What if I told you that your experience IS you, that there is no difference between this, and yourself? To put it another way, that you are exactly what you have become aware of? Let’s suppose this hypothesis is true for a moment, just for the sake of conversation.

Okay, so now - Where are you going exactly when you “move on?”

“Realize that you are far-and-away more than your suffering.”

Brilliant.

You can hold yourself back from the sufferings of the world, that is something you are free to do and it accords with your nature, but perhaps this very holding back is the one suffering you could avoid.
[Franz Kafka.]

Given that what y’all say is true, what is human suffering? Is it an abstract? If so, on what is it based? Is it physical pain?–psychological/emotional? Why do we, as humans, feel that we must experience ‘pain’ in order to be human? Or am I taking this too far?

Christian religions take the Biblical parable of Adam and Eve’s fall from grace to explain sickness and death within the human species as well as to explain the Crucifixion and Death of Christ. Is, then, saying that “life is suffering,” a way of justifying the Crucifixion, Death, and Resurrection of Jesus–the main tenets of the Christian faiths?

If so, this thread is in the wrong place. Just saying.

existential pain loneliness isolation meaninglessness etc. physical pain, suffering, humanity torturing its own species basically everything.

we dont its just part of the human condition. so understanding the human condition is understanding reality and the universe and vice versa.

the OP didnt mention religious faith at all. either way that makes no sense

Okay, duality, but must we succumb to existential pain and loneliness all the time? Does there never come a time when we can recognize and accept the fact that we cannot ‘go into’ anyone’s mind any more that someone else can get into our mind? That’s basically our existential loneliness, isn’t it? Why should we not try to transcend existential ‘suffering’ and stop piling angst upon ourselves?

I know I’m the only one who’s mentioned religion in the thread; given some of the responses, it seemed appropriate. :slight_smile:

“Why should we not try to transcend existential ‘suffering’ and stop piling angst upon ourselves?”

Hmmm, let’s try some word replacement games with this quote. Here we go:

“Why should we not try to transcend existential ‘love’ and stop piling angst upon ourselves?”
“Why should we not try to transcend existential ‘peace’ and stop piling angst upon ourselves?”
“Why should we not try to transcend existential ‘identity’ and stop piling angst upon ourselves?”

Point being, as long we have a “self” and something that piles against that self, (such as suffering.) Then we are trapped in divisive thinking which leads nowhere.

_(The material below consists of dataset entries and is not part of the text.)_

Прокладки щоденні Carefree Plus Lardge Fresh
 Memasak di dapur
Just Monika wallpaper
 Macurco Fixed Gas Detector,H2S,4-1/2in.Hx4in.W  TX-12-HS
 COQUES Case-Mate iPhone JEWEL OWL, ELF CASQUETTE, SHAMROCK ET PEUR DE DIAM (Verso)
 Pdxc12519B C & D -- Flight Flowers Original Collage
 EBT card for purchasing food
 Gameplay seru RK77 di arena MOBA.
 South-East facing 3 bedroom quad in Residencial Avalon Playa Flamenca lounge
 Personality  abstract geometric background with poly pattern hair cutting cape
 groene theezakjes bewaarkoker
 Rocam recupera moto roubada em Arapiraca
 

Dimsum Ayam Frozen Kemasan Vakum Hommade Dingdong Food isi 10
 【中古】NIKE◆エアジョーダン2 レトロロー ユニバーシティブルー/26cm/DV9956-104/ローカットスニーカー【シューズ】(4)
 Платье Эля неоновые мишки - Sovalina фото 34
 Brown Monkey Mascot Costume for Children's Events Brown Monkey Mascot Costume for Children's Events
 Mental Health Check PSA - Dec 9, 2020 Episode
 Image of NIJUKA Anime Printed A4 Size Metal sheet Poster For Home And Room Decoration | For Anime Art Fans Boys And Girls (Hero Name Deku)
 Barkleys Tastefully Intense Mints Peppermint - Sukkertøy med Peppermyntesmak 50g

That is, we end up pitting one concept of self against the other.

This is at the crux of today’s Christianity. The struggle between good and evil becomes as a dragon swallowing it’s own tail. More to the point - It is an endless struggle to shun something which is deemed evil. In this context - suffering = evil.

Okay, who exactly is the self that suffers?

Is it:

A - The devil?
B - The same self that also feels bliss?

If the answer for you is “A”, then I wish you the very best and please send me a postcard from the war front.

But if the answer for you is “B”, then why would you try to deny yourself, this, or any other experience which may lead to the evolution of your very soul?

Care to enlighten me a bit on that one?
…oh forgot, that can’t be done.
So how about merely give me your illusion a little more clearly, perhaps?